What is needed: Excerpt from the entries below: please repeat exactly the lines from the one containing "ml master box" through the last one, both ends included, with no pictures.

-- -- --

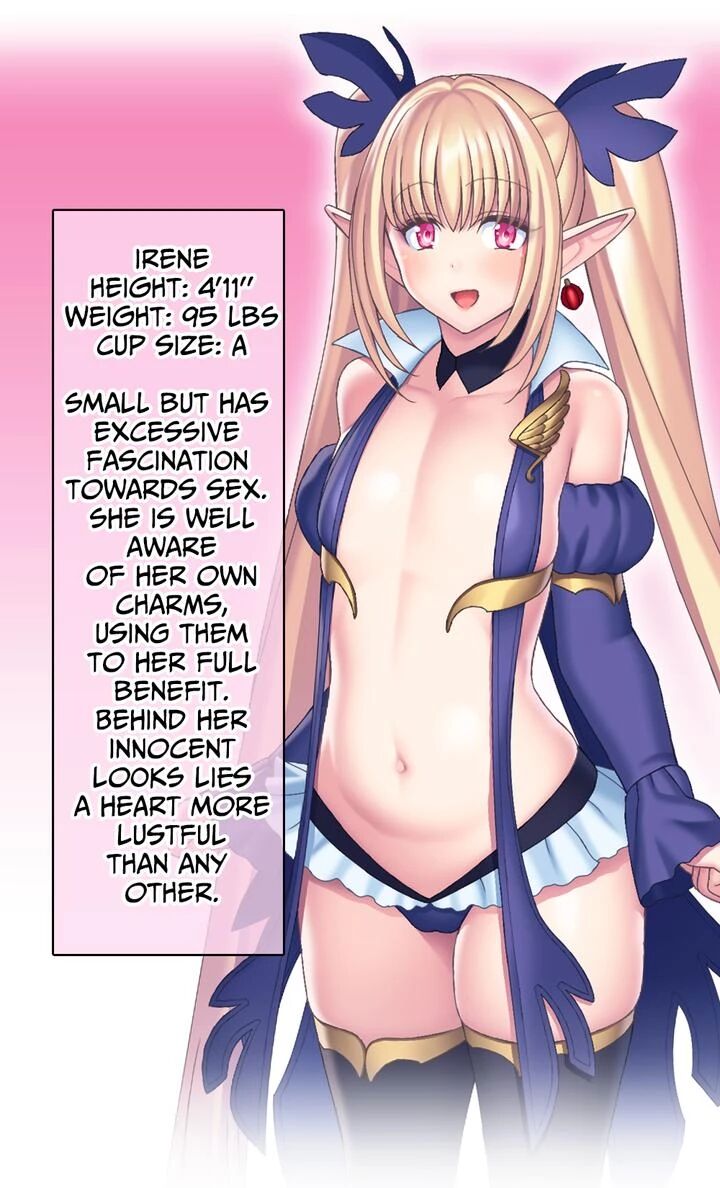Saving a Depopulated Elven Village with My Unstoppable Sex Drive Chapter 1 image 88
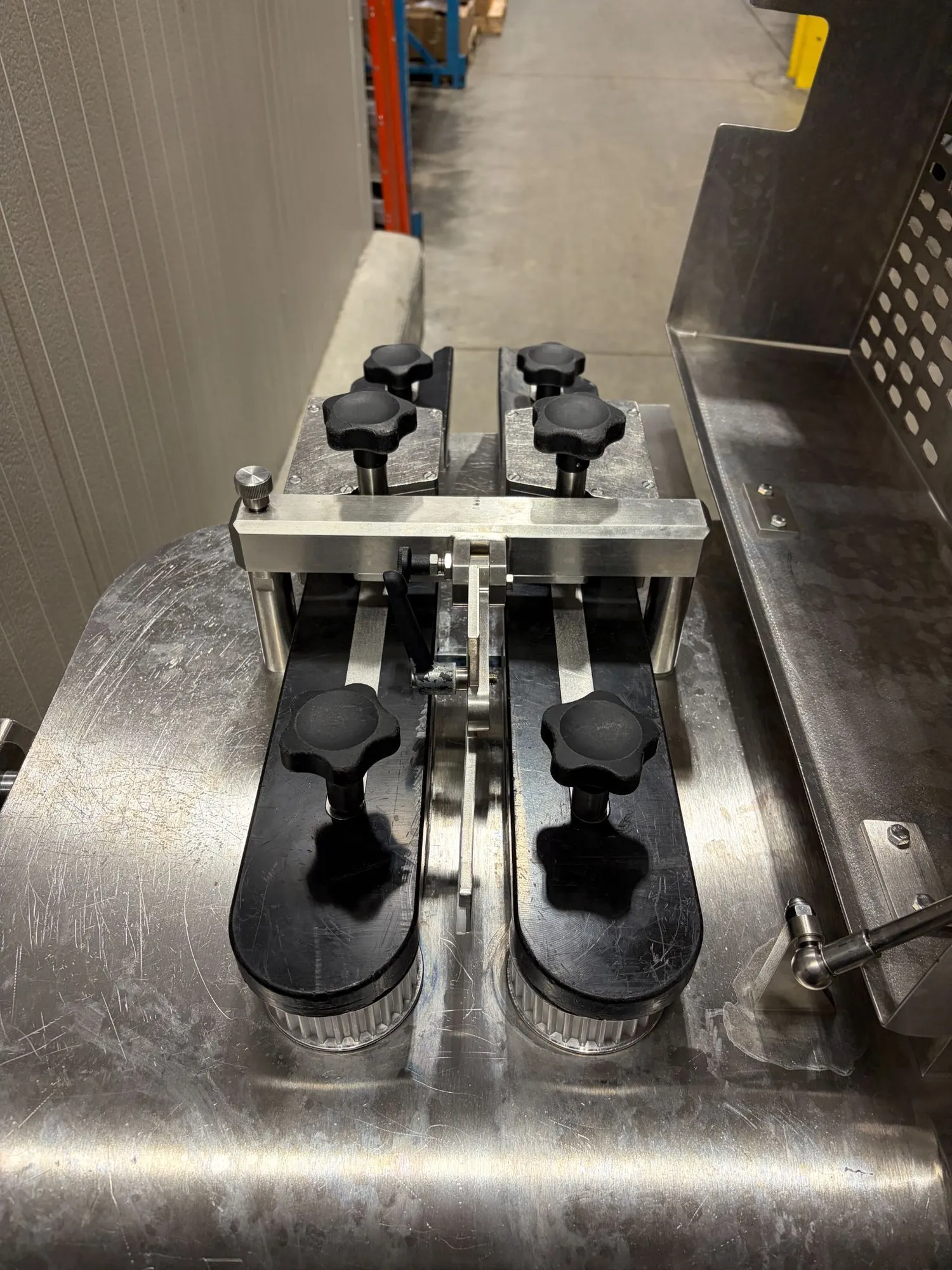 Used 2023 INOTEC WT99-iT-M Commercial Food Processors Illinois US | M&M Equipment Corp. #1285844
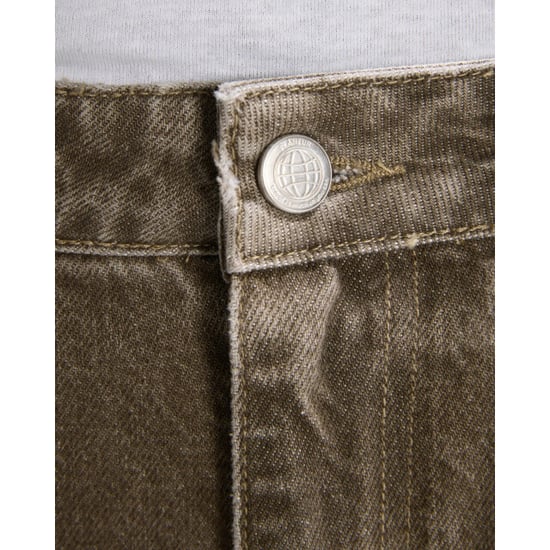 Flaneur Homme Heren relaxed fit jeans met faded wassing - Image 2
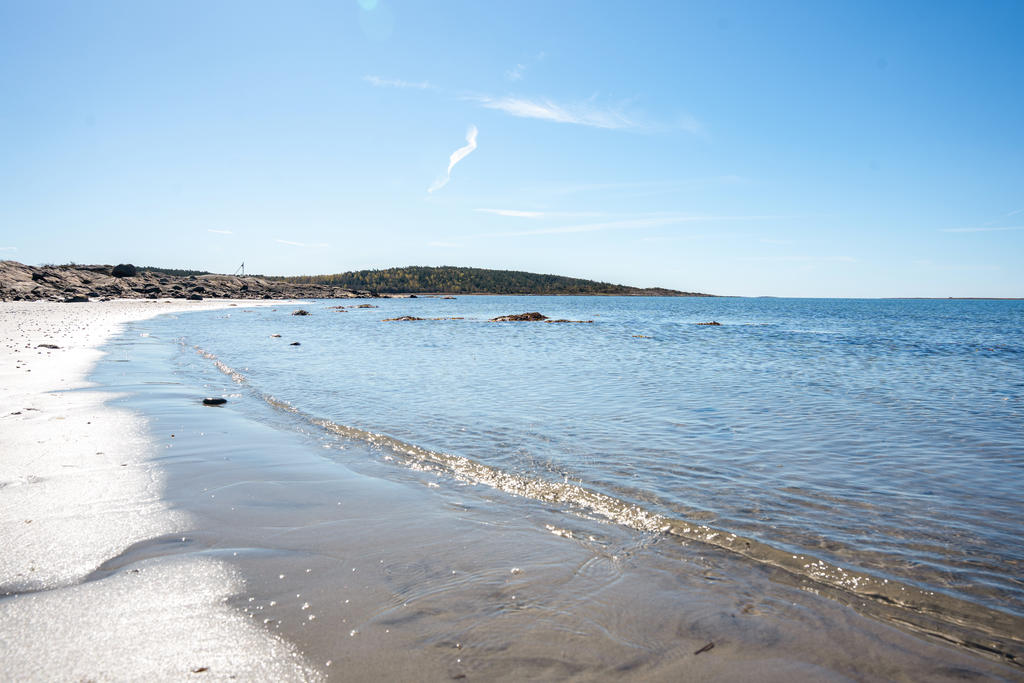 Närhet till salta bad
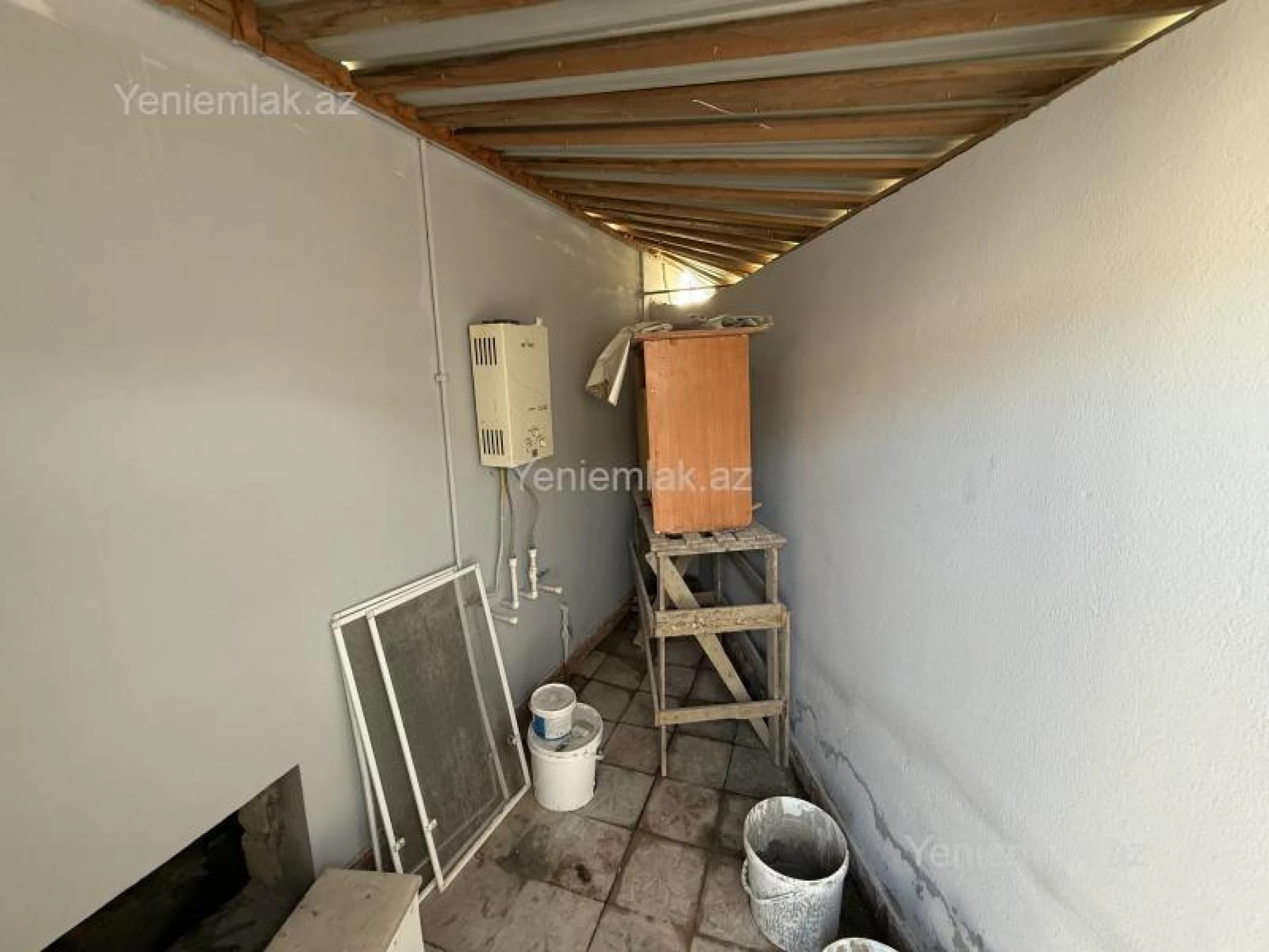 Satılır 3 otaqlı həyət evi 85 m²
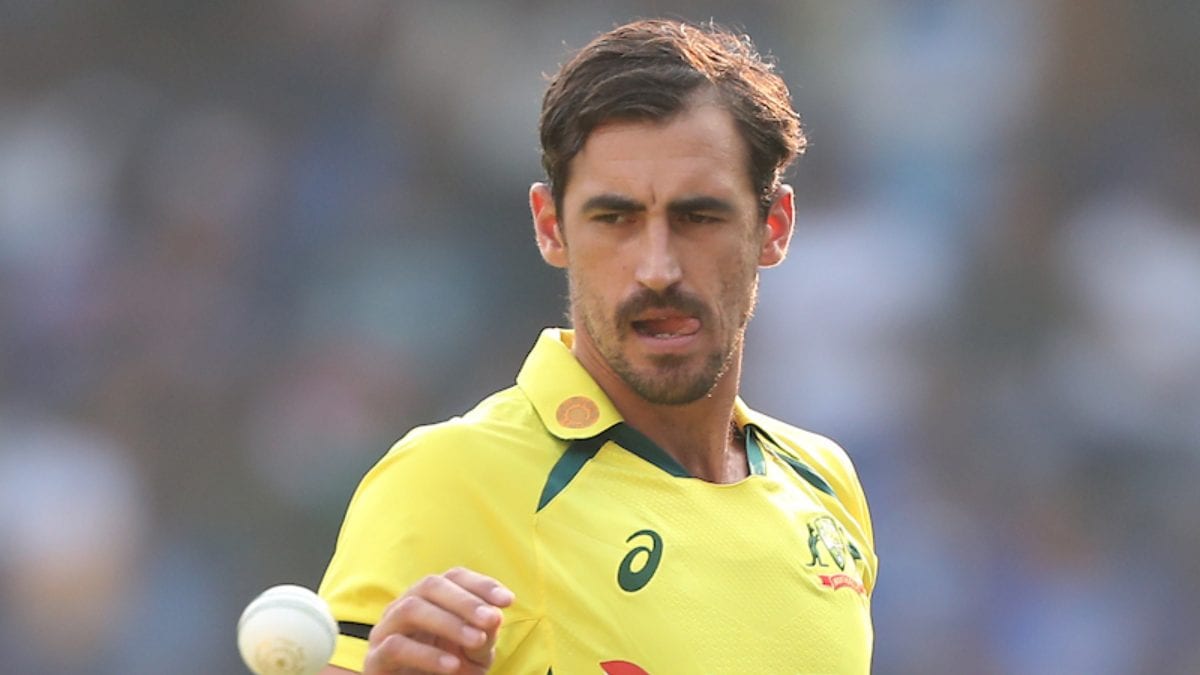 Mitchell Starc Confirms IPL Comeback; Will Enter Player Auction Next Year ? News18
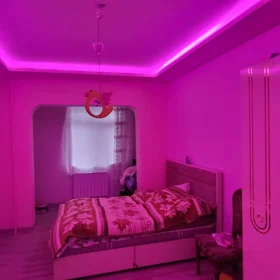 In Baku 80.0 m² apartment is for rent - Image 5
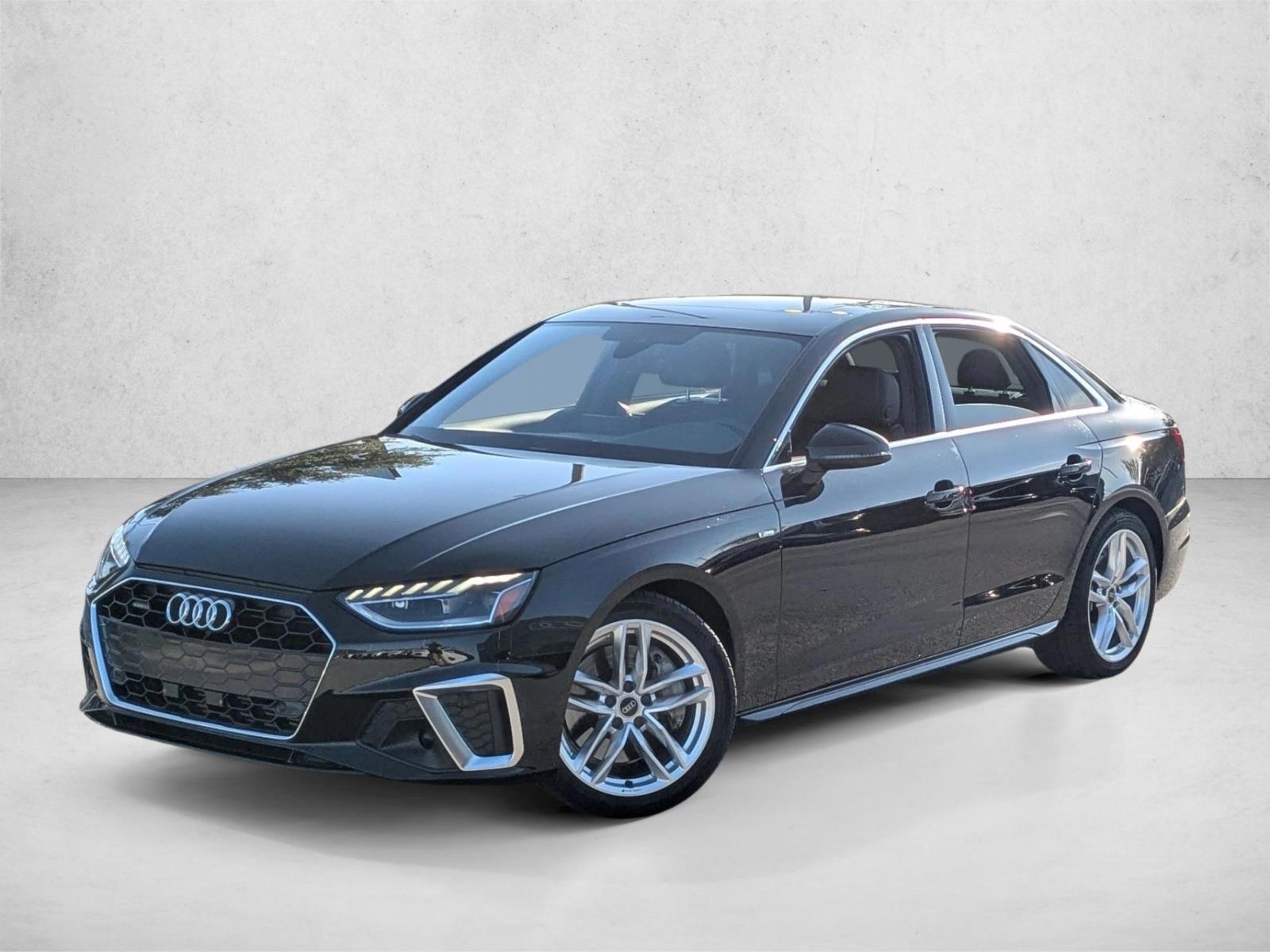 Thumbnail: 2023 Audi A4 - 1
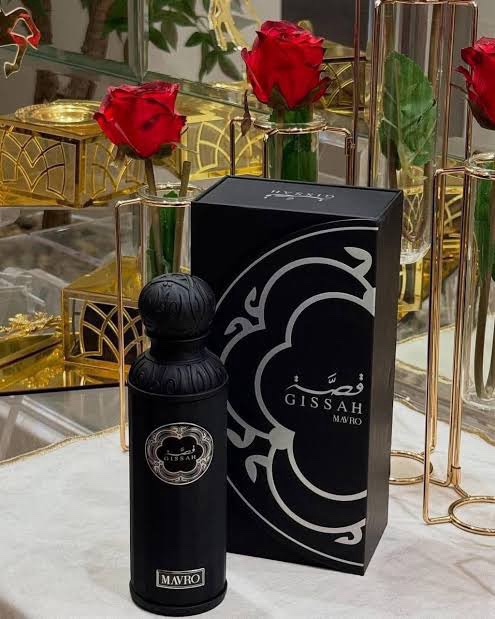✨ Gissah – Mavro ✨200 ml master box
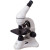 Монокулярный микроскоп Rainbow 50L с набором для опытов, белый белый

-- -- --

Solution:
✨ Gissah – Mavro ✨200 ml master box
 Монокулярный микроскоп Rainbow 50L с набором для опытов, белый белый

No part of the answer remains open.